*Exercise data*
* * * * * * * * *
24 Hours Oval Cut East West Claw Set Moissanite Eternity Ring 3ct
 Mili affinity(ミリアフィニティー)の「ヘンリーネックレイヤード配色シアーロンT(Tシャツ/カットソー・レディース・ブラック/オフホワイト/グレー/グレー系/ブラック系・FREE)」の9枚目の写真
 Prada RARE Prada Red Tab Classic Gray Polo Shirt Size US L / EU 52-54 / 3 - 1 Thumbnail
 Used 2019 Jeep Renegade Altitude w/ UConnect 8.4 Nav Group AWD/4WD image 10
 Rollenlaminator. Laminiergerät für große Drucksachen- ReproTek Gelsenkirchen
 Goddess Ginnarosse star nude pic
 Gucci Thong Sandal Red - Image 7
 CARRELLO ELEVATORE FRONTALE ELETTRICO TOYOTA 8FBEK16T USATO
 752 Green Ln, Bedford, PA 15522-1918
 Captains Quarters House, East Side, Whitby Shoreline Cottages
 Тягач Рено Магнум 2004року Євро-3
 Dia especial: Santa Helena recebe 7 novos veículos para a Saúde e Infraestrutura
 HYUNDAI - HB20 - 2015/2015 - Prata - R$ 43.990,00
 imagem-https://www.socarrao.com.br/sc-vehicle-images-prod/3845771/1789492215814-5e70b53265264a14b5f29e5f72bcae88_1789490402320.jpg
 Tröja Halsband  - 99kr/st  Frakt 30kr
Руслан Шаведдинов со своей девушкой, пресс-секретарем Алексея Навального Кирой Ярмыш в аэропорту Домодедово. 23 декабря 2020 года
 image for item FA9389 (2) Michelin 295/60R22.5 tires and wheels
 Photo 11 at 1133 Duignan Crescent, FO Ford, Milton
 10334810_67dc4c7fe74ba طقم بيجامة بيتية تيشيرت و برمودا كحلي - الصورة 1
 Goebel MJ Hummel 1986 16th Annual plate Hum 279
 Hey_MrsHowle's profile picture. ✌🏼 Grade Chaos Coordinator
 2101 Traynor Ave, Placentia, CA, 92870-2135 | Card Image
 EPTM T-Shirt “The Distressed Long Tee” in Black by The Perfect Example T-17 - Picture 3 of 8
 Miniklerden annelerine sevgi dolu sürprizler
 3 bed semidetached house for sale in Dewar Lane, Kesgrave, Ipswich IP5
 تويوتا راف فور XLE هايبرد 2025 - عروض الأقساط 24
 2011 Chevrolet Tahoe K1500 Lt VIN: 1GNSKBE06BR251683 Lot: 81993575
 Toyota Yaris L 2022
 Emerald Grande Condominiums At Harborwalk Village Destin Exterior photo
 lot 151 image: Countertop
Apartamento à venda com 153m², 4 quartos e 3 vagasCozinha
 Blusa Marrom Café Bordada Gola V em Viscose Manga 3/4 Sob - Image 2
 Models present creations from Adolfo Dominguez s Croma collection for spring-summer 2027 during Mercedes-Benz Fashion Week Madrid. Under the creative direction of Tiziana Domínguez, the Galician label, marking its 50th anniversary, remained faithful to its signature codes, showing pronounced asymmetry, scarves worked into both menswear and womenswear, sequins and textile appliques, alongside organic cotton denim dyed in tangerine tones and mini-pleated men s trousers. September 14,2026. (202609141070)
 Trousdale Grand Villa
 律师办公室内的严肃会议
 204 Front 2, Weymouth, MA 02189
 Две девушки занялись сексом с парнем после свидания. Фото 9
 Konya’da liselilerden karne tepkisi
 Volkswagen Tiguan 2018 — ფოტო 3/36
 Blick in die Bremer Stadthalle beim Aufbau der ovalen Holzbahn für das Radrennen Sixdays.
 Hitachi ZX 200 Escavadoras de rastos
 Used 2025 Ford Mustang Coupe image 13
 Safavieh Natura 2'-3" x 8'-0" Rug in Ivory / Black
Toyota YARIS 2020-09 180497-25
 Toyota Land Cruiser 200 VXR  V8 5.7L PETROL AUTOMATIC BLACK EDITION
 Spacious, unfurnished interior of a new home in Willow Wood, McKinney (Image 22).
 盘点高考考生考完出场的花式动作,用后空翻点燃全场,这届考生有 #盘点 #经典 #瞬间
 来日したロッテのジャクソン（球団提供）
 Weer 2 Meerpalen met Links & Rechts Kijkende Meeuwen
* * * * * * * * *
*Work task*
All lines above from the one with "10334810_67dc4c7fe74ba طقم بيجامة" to the one with "Volkswagen Tiguan 2018 — ფოტო 3/36", inclusive, should be copied exactly, and no other lines.

*Task result*
 10334810_67dc4c7fe74ba طقم بيجامة بيتية تيشيرت و برمودا كحلي - الصورة 1
 Goebel MJ Hummel 1986 16th Annual plate Hum 279
 Hey_MrsHowle's profile picture. ✌🏼 Grade Chaos Coordinator
 2101 Traynor Ave, Placentia, CA, 92870-2135 | Card Image
 EPTM T-Shirt “The Distressed Long Tee” in Black by The Perfect Example T-17 - Picture 3 of 8
 Miniklerden annelerine sevgi dolu sürprizler
 3 bed semidetached house for sale in Dewar Lane, Kesgrave, Ipswich IP5
 تويوتا راف فور XLE هايبرد 2025 - عروض الأقساط 24
 2011 Chevrolet Tahoe K1500 Lt VIN: 1GNSKBE06BR251683 Lot: 81993575
 Toyota Yaris L 2022
 Emerald Grande Condominiums At Harborwalk Village Destin Exterior photo
 lot 151 image: Countertop
Apartamento à venda com 153m², 4 quartos e 3 vagasCozinha
 Blusa Marrom Café Bordada Gola V em Viscose Manga 3/4 Sob - Image 2
 Models present creations from Adolfo Dominguez s Croma collection for spring-summer 2027 during Mercedes-Benz Fashion Week Madrid. Under the creative direction of Tiziana Domínguez, the Galician label, marking its 50th anniversary, remained faithful to its signature codes, showing pronounced asymmetry, scarves worked into both menswear and womenswear, sequins and textile appliques, alongside organic cotton denim dyed in tangerine tones and mini-pleated men s trousers. September 14,2026. (202609141070)
 Trousdale Grand Villa
 律师办公室内的严肃会议
 204 Front 2, Weymouth, MA 02189
 Две девушки занялись сексом с парнем после свидания. Фото 9
 Konya’da liselilerden karne tepkisi
 Volkswagen Tiguan 2018 — ფოტო 3/36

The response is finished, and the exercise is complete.